Along with the continuous upgrading of the hardware of electronical computer and the development of numerical computation technology, phytoplankton growth have also been obtained significant progress.In a model, the change hydrodynamics formula in space describes, and ecology-geochemical process by biology with the process prescription of chemistry, influence factor comprises carbon, nitrogen, phosphorus, silicon, sulphur, oxygen, illumination etc.Vegetation ecology survey is mainly deduced the change procedure of three trophic levels (phytoplankton, animal plankton and fish) and each element (as carbon, phosphorus, nitrogen) Physics, chemistry and biology.At present, existing a large amount of phytoplankton growth is available, as EFDC, Delft3D, WASP, HEM or MIKE model etc.Apply the simulated system that these models effectively can set up different source water different dimensions, realize the dynamic similation of algae concentration.Wherein, if the vertical characteristics situation of algae will be simulated, then need to set up the three-dimensional phytoplankton growth of algae.Meanwhile, countries in the world all establish oneself drinking water source monitoring system, and at present, the departments such as the environmental protection of China, water conservancy, land resources, urban construction and health all have corresponding monitoring function and ability.Have on the basis of monitoring system in all departments, the input data required for Integrated Models simulation system satisfy the requirements.

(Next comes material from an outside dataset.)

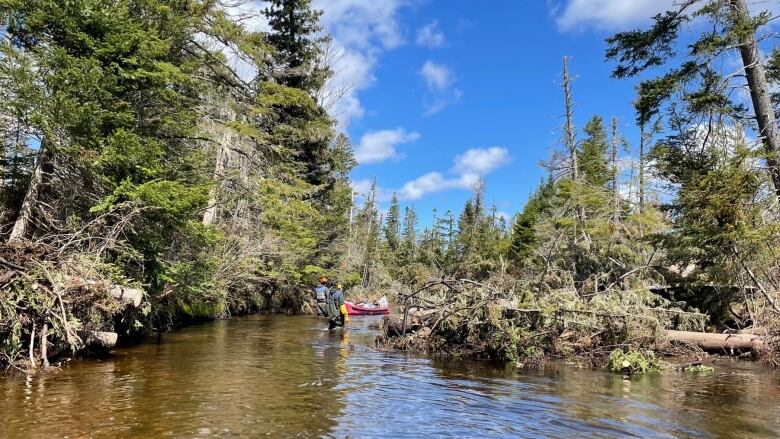 A tree down blocking most of the Morell River.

Reservoir stratified pumping technology just starts application at reservoir as far back as the nineties in 20th century, but the layering water fetching device so far for quality problem is also less, mostly mainly concentrate on the field for large reservoir water at low temperature problem, what minority was relevant to water quality also only relates to ferrimanganic or dissolved oxygen DO, and has no the concentration dependent research with algae.And in recent years along with the development of automatic control technology, automatic controlling gate at home many reservoirs enable, therefore, set up a layering water fetching device automatically controlled and there is not technical matters.
Summary of the invention
In view of the risk that the algae of current many source waters existence breaks out, the invention provides a kind of automatic control water source stratified pumping method based on three-dimensional Algal Ecology model and realize the layering water intaking system of the method, break out risk to adapt to there is algae or have algae to break out the source water water intaking of history.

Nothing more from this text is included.